El Ten Cents, por su parte, tenía cinco establecimientos en La Habana y otros tantos en el interior, así como mil empleados, casi todos mujeres.
Aunque las tiendas, a medida que avanzaba el siglo, fueron haciéndose por departamentos para procurar que el cliente encontrara en ellas casi todo lo que buscaba, las había también especializadas. Si se trataba de lozas y cristales, lo mejor era El Palacio de Cristal, en Neptuno y Campanario. Lámparas, las de Quesada, en Infanta y San Lázaro. Para muebles, Orbay y Cerrato, en Infanta y San Martín. La Casa Quintana era ideal para los artículos de regalos, y Cuervo y Sobrino, en San Rafael y Águila, eran «los joyeros de confianza».
Un hombre despertaba admiración si se vestía en Oscar, la sastrería de la calle San Rafael. En la misma calle, la joyería de Gastón Bared fue en su tipo uno de los mejores establecimientos de la ciudad; representaba los relojes Omega, Cartier y Breittin, en tanto que la joyería Riviera, en Galiano, tenía la representación de los relojes Rolex y Patek Phillippe, y pasó más de 80 años representando las mismas marcas.
FLOGAR
El dueño del café La Isla, que pasó medio siglo en el lugar, sin moverse a ninguna parte, asistió curioso a toda esa transformación, mientras engrosaba su billetera y le crecían los mostachos enormes.

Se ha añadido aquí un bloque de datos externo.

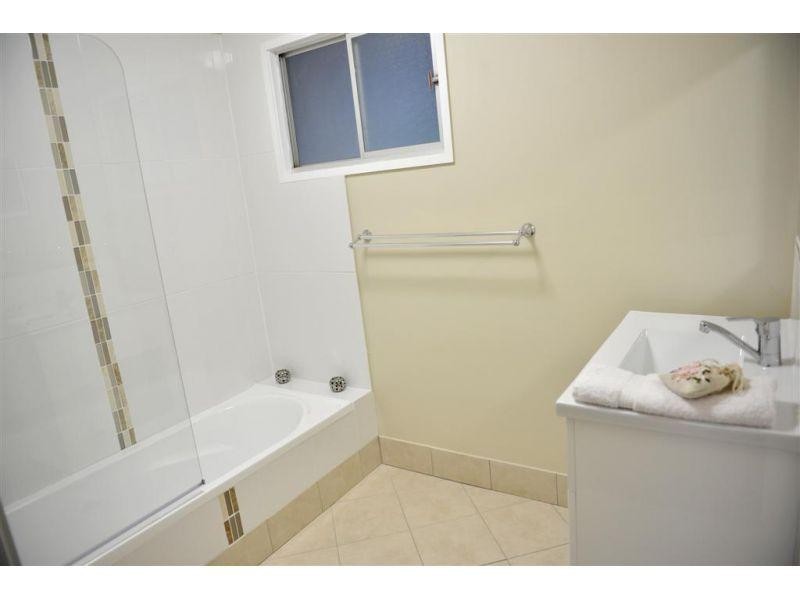 22 Barton Road, Victory Heights QLD 4570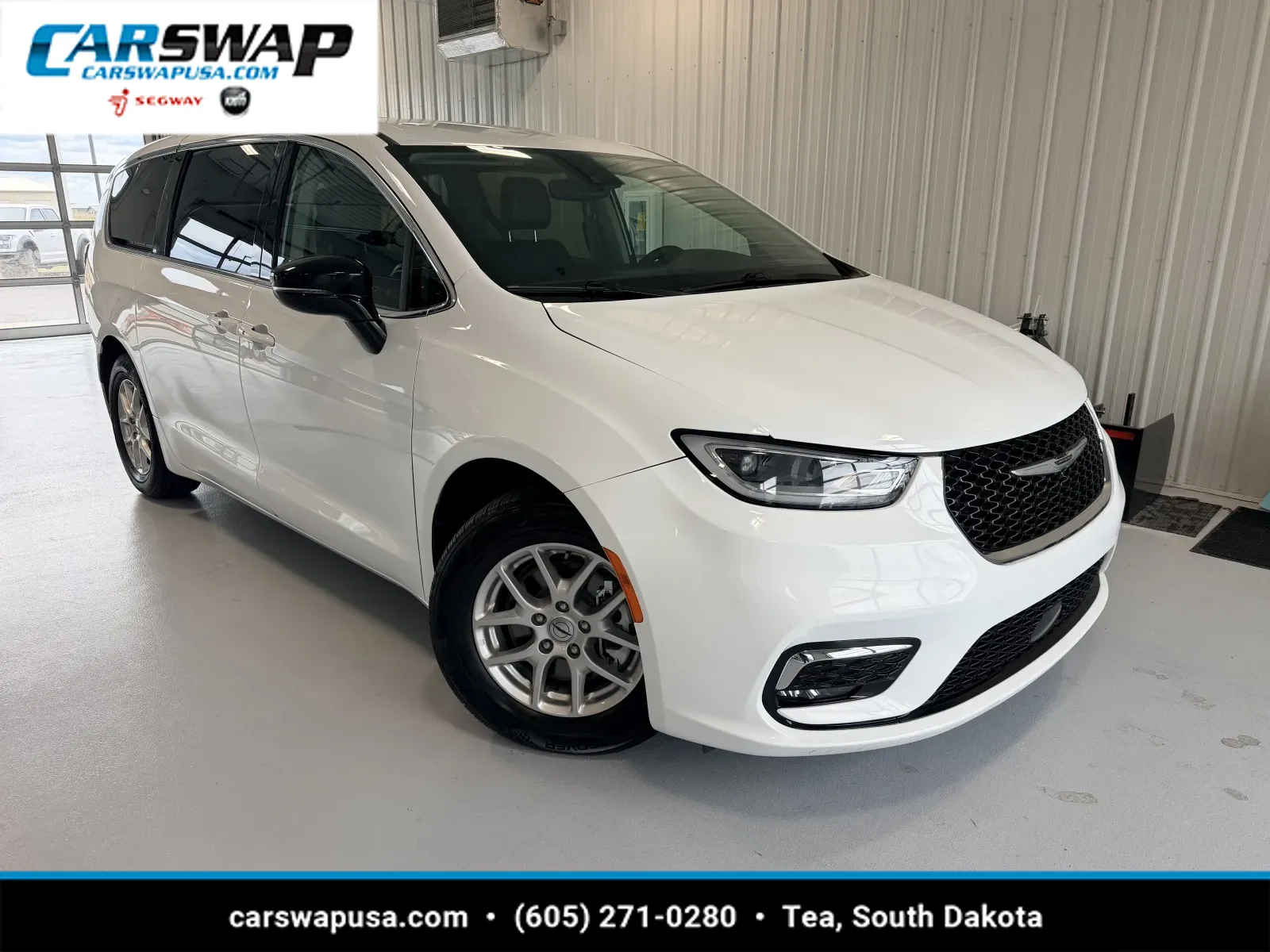 White 2024 Chrysler Pacifica Touring L for sale in Tea, SD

No ha podido el escribidor averiguar su apellido. Para todos era sencillamente don Pancho, don Pancho el de La Isla. Había logrado adquirir la primera planta de un edificio de altos y bajos. El piso de arriba acogía la residencia de una marquesa cubana cada vez más venida a menos, y tanto que decidió montar una casa de huéspedes en lo que fue su fastuosa mansión.
Tanto dio don Pancho que consiguió al fin que la marquesa le vendiese su espacio. Y se dice que el día en que se traspasó la propiedad, ordenó al notario que añadiese diez mil pesos a la cifra pactada como el gesto elegante de un español aplatanado y enriquecido hacia una dama cubana que fue y estaba dejando de ser.
Claro que aquella compra fue un negocio redondo para don Pancho que, llegado el momento, vendió el edificio a Florentino García, propietario, junto con su esposa, de la inmobiliaria Ligar. Y este, ni lento ni perezoso, demolió el viejo inmueble para construir la tienda por departamentos a la que bautizó con el nombre de Flogar.